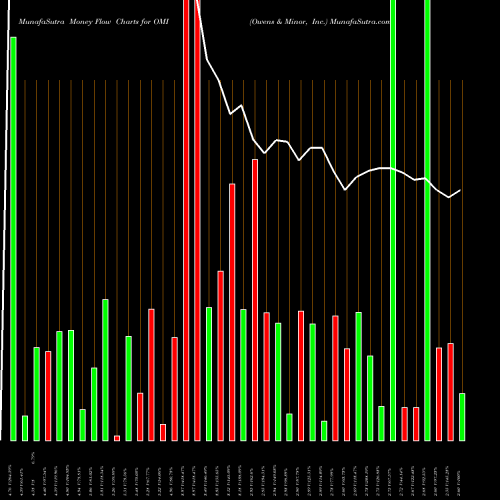 Money Flow charts share OMI Owens & Minor, Inc. USA Stock exchange 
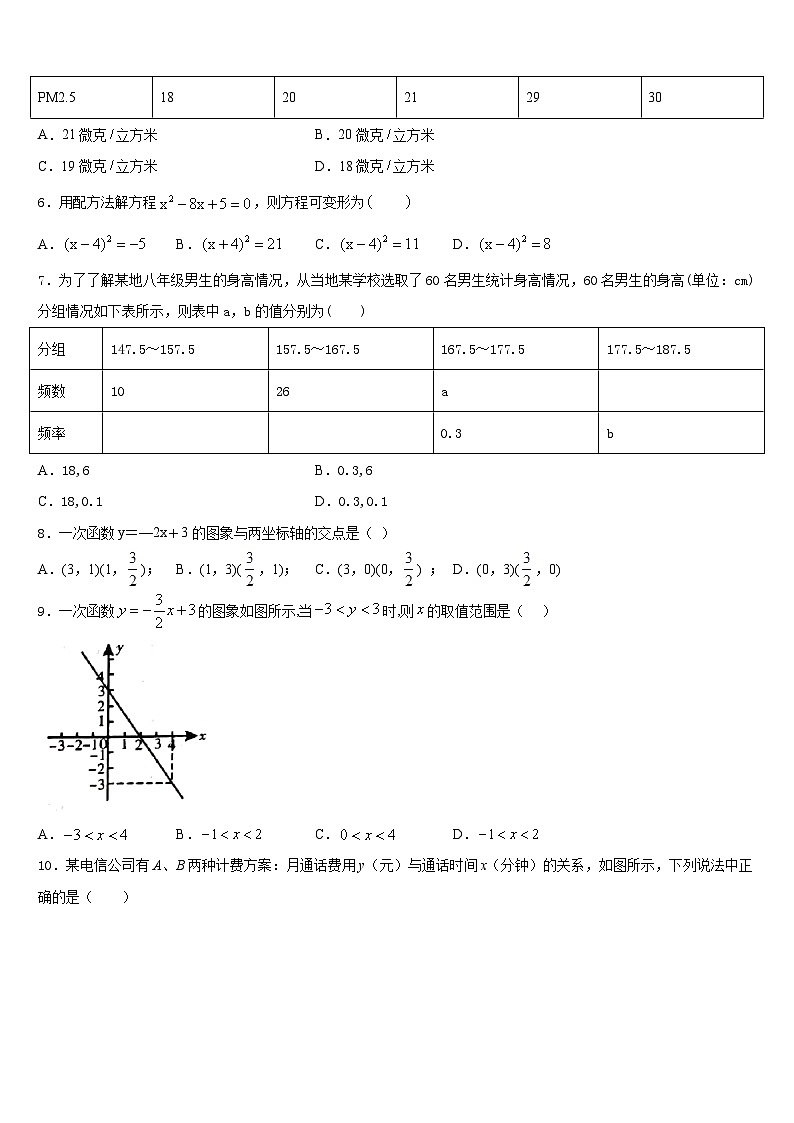 2022-2023学年江西省上饶市广丰区丰溪中学七年级数学第二学期期末学业质量监测模拟试题含答案02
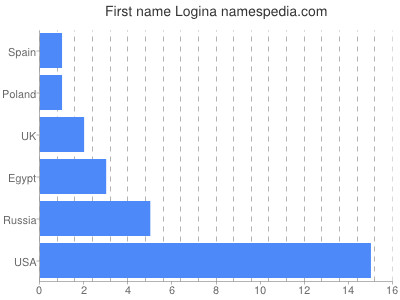 Given name Logina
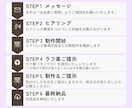 バナー　作成します 実績のため「最初の10件限定で低単価にてお受けしております」 イメージ4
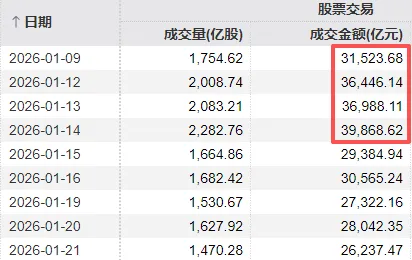 下周A股还能涨吗?这两件事,请股民重点关注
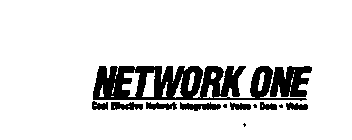 NETWORK ONE COST EFFECTIVE NETWORK INTEPRATION - VOICE - DATA - VIDEO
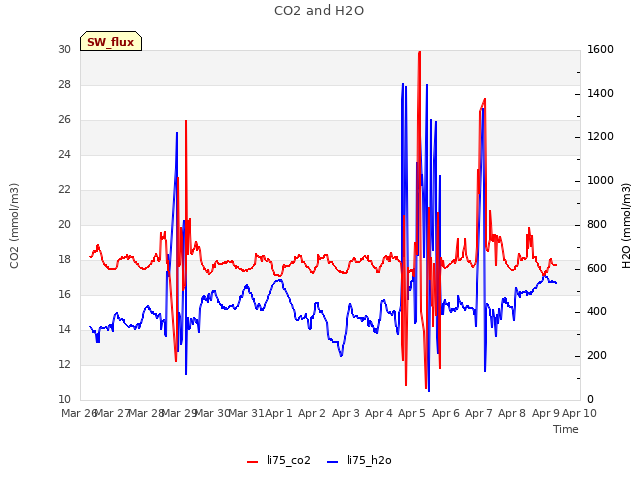 plot of CO2 and H2O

═══

§ REQUIREMENT
A picture-free version of all the records, repeated exactly, is what to return.

§ RESPONSE TO THE TASK
 Money Flow charts share OMI Owens & Minor, Inc. USA Stock exchange 
 2022-2023学年江西省上饶市广丰区丰溪中学七年级数学第二学期期末学业质量监测模拟试题含答案02
 Given name Logina
 バナー　作成します 実績のため「最初の10件限定で低単価にてお受けしております」 イメージ4
 下周A股还能涨吗?这两件事,请股民重点关注
 NETWORK ONE COST EFFECTIVE NETWORK INTEPRATION - VOICE - DATA - VIDEO
 plot of CO2 and H2O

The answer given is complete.